A federal court wants to kill a suit challenging the constitutionality of the Patient Protection and Affordable Care Act (PPACA) tax provisions — and a lower-court ruling holding that those provisions started out in the U.S. House of Representatives.
A three-judge panel at the 5th U.S. Circuit Court of Appeals had a chance to weigh in on the origins of the PPACA tax provisions in a ruling on Hotze et al. vs. Burwell et al. (Case Number 14-20039). Instead, the panel ruled that the court that first heard the case should dismiss the case due to lack of a good reason to consider the case, rather than due to any weaknesses in the plaintiffs’ arguments.
E. Grady Jolly, the circuit judge who wrote the opinion explaining ruling, says the court looked at the case from scratch.
A judge in the U.S. District Court for the Southern District of Texas originally dismissed the case base on the merits.
“We never reach the merits,” Jolly writes in the opinion.
The district court never should have looked at the merits of the suit, because one of the plaintiffs, Steven Hotze, M.D., failed to allege any injury from the PPACA individual mandate that gave him standing to challenge the mandate, Jolly writes.
The other plaintiff, Hotze’s employer, Braidwood Management Inc., cannot sue over the PPACA employer mandate tax, because that suit is clearly barred by the federal Anti-Injunction Act, which protects new taxes against lawsuits seeking to keep the taxes from taking effect, Jolly says.
“Accordingly,” Jolly says, “we vacate the district court’s judgment and remand this case with instructions to dismiss for lack of subject-matter jurisdiction.”
Hotze and Braidwood wanted to challenge PPACA individual and employer mandate penalties on the basis that the mandate penalties really originated in the U.S. Senate, as proposed Amendment Number 2786 to H.R. 3590. The Senate “amendment” was more than 2,000 pages long, and it replaced the original language of H.R. 3590, which started out as a short Service Members Home Ownership Tax Act of 2009 bill.
Hotze and Braidwood say the process used to draft and pass PPACA violated the Origination Clause of the U.S. Constitution, which requires new taxes to originate in the House.
The district court judge dismissed the case, arguing that the bill was not mainly a bill for raising revenue, and that the bill had originated in the House.
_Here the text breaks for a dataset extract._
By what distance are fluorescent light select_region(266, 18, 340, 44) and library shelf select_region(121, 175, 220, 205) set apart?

Jolly says the federal courts must avoid deciding a constitutional issue if they can find another ground they can use to dispose of a case.
Hotze himself already had the kind of minimum essential coverage (MEC) that PPACA requires and was not going to have to pay a penalty for lacking MEC, Jolly says. Jolly says any other mandate-related injuries that Hotze says he suffered or might suffer are either vague or speculative.
“Thus, although we do not doubt that many have suffered an injury in fact at the hands of the individual mandate, the plaintiffs’ complaint does not allege that Dr. Hotze is among them,” Jolly writes.
Representatives from Dr. Hotze’s practice and Sylvia Burwell, the secretary of the U.S. Department of Health and Human Services (HHS), were not immediately available to comment on the ruling.